- [Information supplied]:
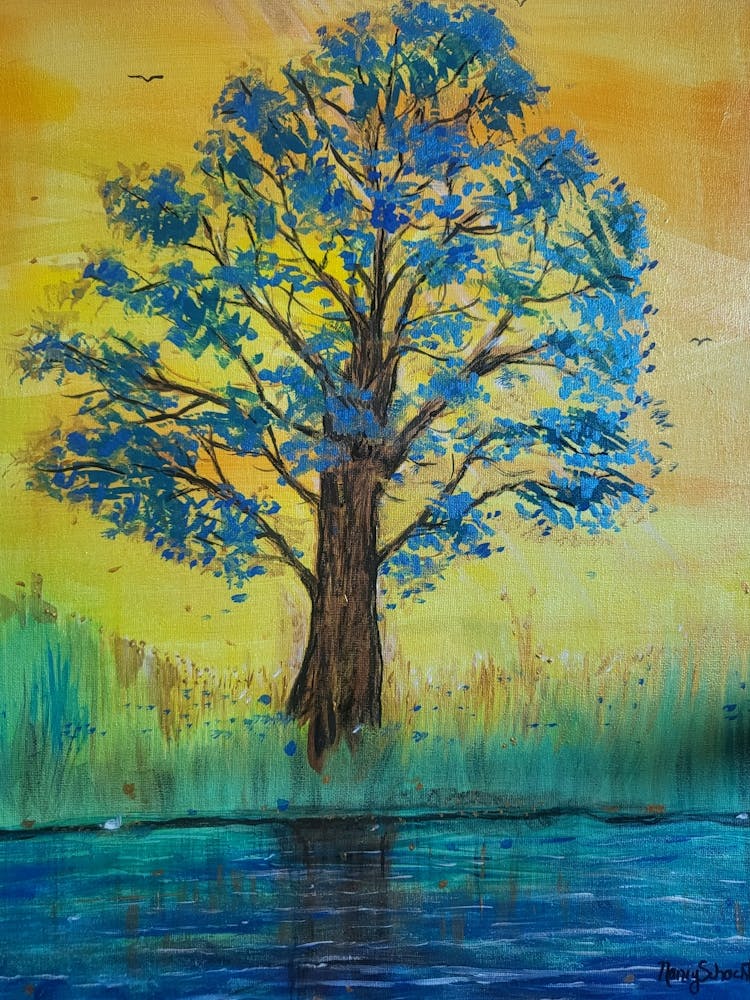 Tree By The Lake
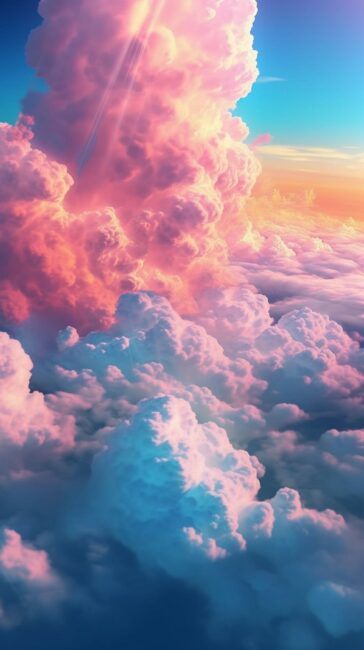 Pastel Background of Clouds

...

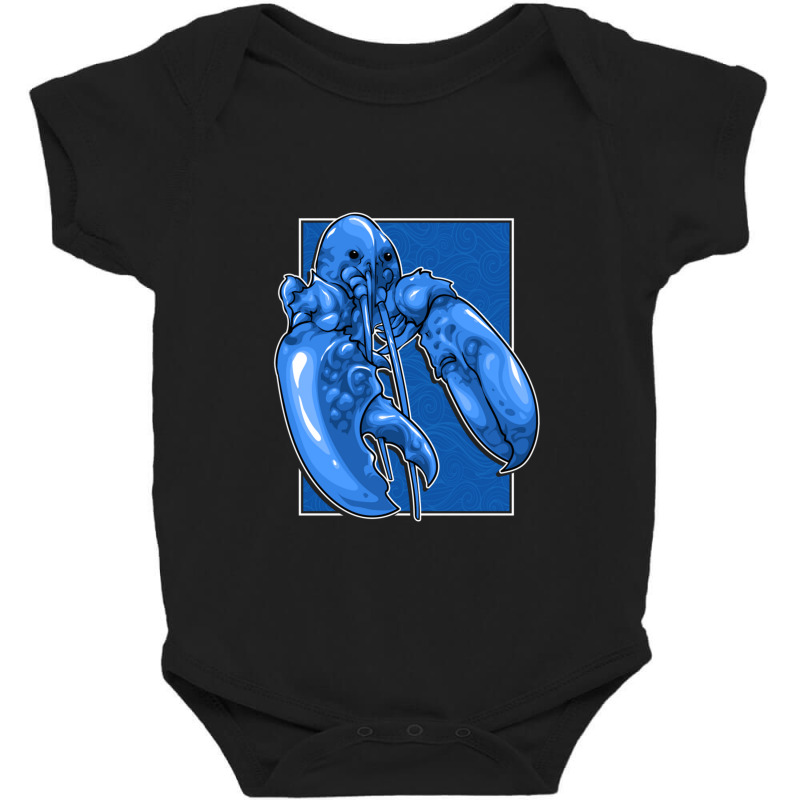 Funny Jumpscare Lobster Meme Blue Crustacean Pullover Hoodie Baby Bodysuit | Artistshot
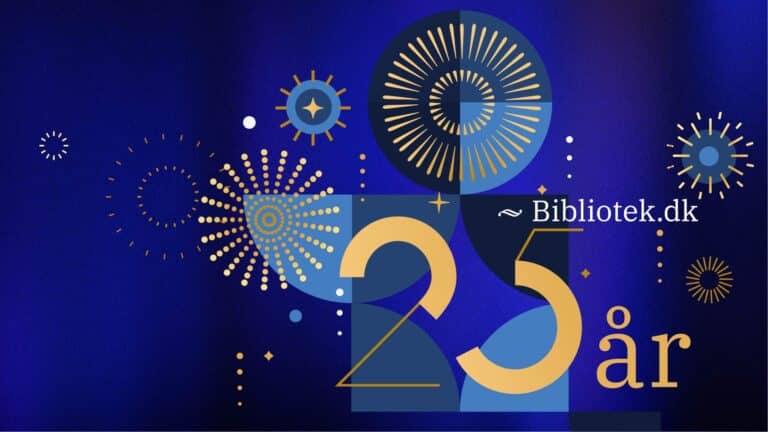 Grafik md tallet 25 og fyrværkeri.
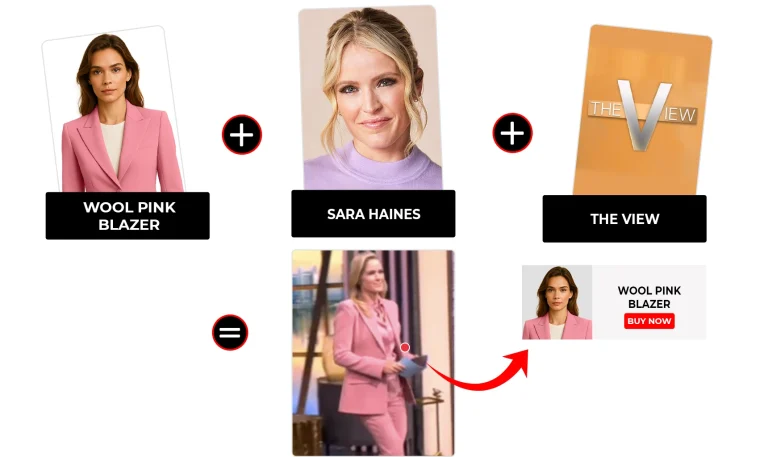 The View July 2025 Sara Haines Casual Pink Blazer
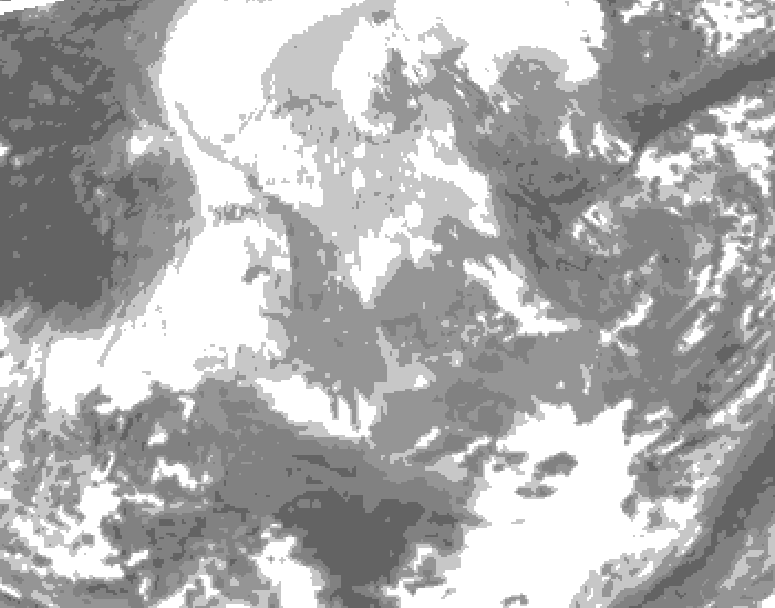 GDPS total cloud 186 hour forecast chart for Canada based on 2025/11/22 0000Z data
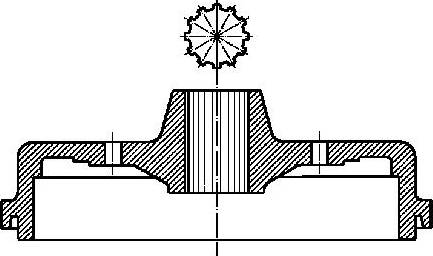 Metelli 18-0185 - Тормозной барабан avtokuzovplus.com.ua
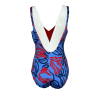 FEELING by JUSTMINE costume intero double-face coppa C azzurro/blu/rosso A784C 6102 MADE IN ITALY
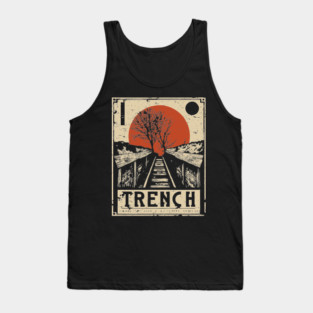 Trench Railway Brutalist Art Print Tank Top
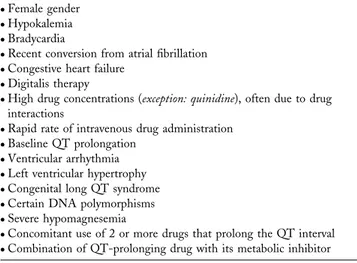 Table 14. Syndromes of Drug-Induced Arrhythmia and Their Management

- [Exercise requirements]: Using the material above, reproduce only the lines that run from the line with "Grafik md tallet 25 og fyrværkeri." up to and including the line with "Table 14. Syndromes", exactly, with the pictures dropped.

- [Result of the task]:
 Grafik md tallet 25 og fyrværkeri.
 The View July 2025 Sara Haines Casual Pink Blazer
 GDPS total cloud 186 hour forecast chart for Canada based on 2025/11/22 0000Z data
 Metelli 18-0185 - Тормозной барабан avtokuzovplus.com.ua
 FEELING by JUSTMINE costume intero double-face coppa C azzurro/blu/rosso A784C 6102 MADE IN ITALY
 Trench Railway Brutalist Art Print Tank Top
 Table 14. Syndromes of Drug-Induced Arrhythmia and Their Management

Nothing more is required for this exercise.